= Thomas More (Protestant martyr) =

Thomas More (also spelled Moor), birth date unknown, died 26 June 1556, was one of the Protestant martyrs of the English Reformation. Described by John Foxe as "a merchant's servant" and apparently just 24 years old when he died, he was tried for heresy by Dr John White the Bishop of Lincoln in the churches of St Martin and St Margaret in Leicester on April 21, 1556 and burned at the stake in the same town on June 26 later that year. He was the only Protestant martyr to die at Leicester as a result of Mary I's Revival of the Heresy Acts.

==Trial record==
The trial of the 21st of April was part of a general round of visitation undertaken by Bishop White at Cardinal Pole's instigation, part of restoring Roman Catholic worship in parishes of the Diocese of Lincoln and searching for heretics. The odd set up in Leicester where the suburbs fell into a prebend required two separate hearings, one in the Court of the Archdeacon in the south aisle of what is now Leicester Cathedral and in the Prebendal Court held in the Prebendal Church of St Margaret's. John Nichols preserves the Latin original of the trial record from the Registers of the Diocese of Lincoln of which the following is a rough translation:

“Thomas More appeared before us, as usual, in the Parish Church of St. Martin in Leicester, and afterwards also in the Prebendal Church of St. Margaret, on the 21st of April 1556, and defended many heresies; saying among other things: "This is my faith, that in the Sacrament of the Altar is not the Body of Christ; no more than if I myself should give one piece of bread, and say, Take, eat, this is my body; meaning my own body within my doublet." Hence a sentence was passed against him. It was written to the Lord King and Queen: and by De Heretico Comburendo (On Burning a Heretic) at the aforesaid Leicester, he was burned in the month of June. (Note: Thomas More in Ecclesiâ parochiali Divi Martini Leicestrie, ac post etiam in Ecclesiâ Divi Margarete, XXI die Apralis 1556, coram nobis comparuit, et multas Hereses defendit ; dicens inter cetere : “This is my faith, that in the Sacrament of the Altar is not the Body of Christ; no more than if I myself should give one piece of bread, and say, Take, eat, this is my body ; meaning my own body within my doublet.” Unde sententie contra ipsum lata.
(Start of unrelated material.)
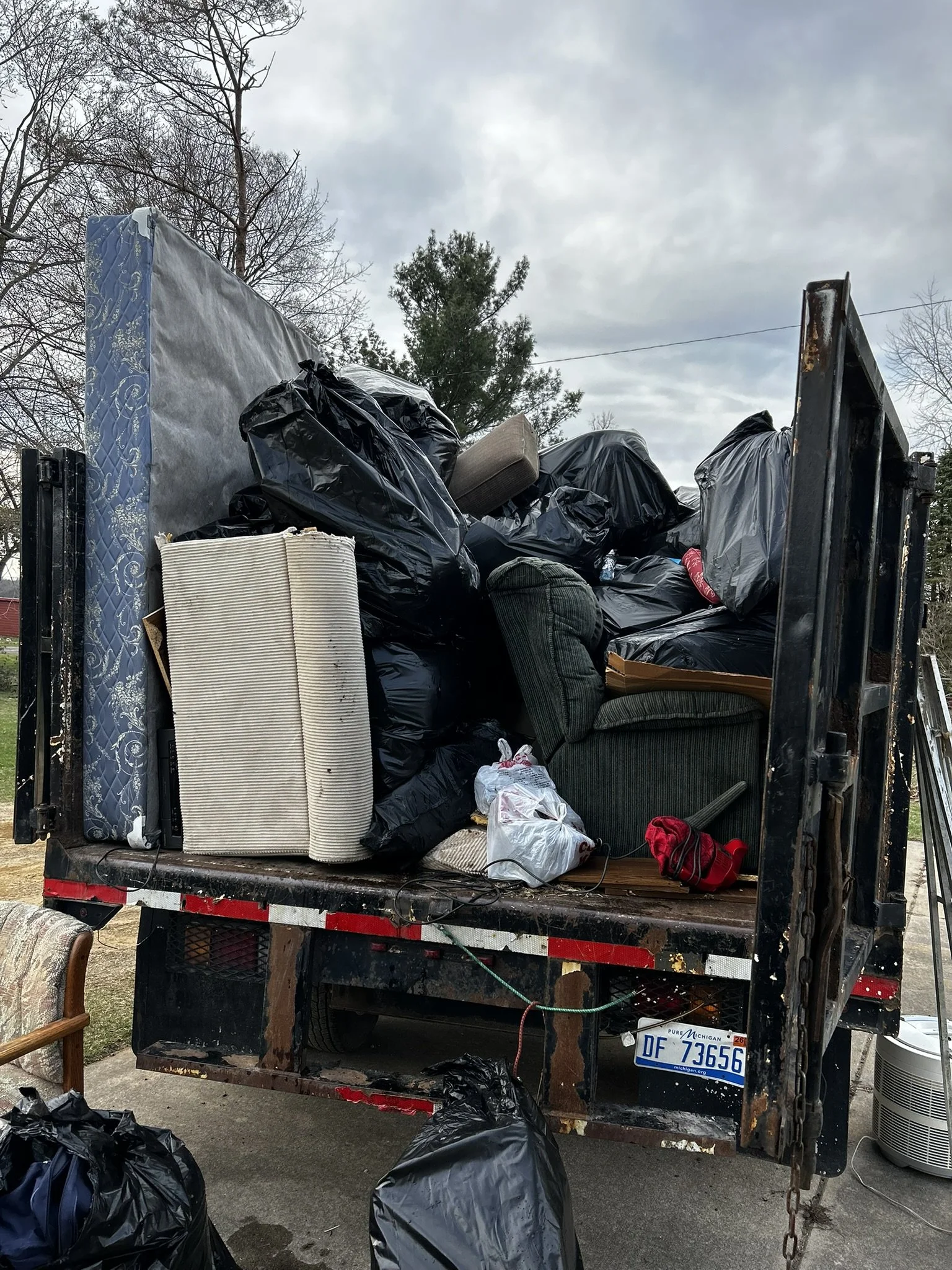 How Much Does Junk Removal Cost in Lansing, MI in 2025?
Scriptum est ad Dominem Regem et Reginem : et per Brave De Heretico Comburendo, apud Leicester predict’, mense Junii fuit combustus.“)

He was sentenced for holding a Zwinglian memorialist view of the Eucharist denying transubstantiation. The delay between the date of More's sentence and that of his execution was due to the necessity of a royal signature to approve the death sentence.

==John Foxe's account of the death==
The Protestant martyrologist and hagiographer John Foxe preserved the following record in his enormously successful work Acts and Monuments:
”The next day following of the said month of June, we read of a certain young man, a merchant's servant, who for the like godliness suffered cruel persecution of the papists, and was burnt at Leicester the twenty-sixth day of the month of June above-named.”

Aside from the trial from the Diocesan Register this is the major near contemporary source. Neither the precise location of his burning or any details of it are mentioned by any historic source. He was apparently just 24 at the time he died.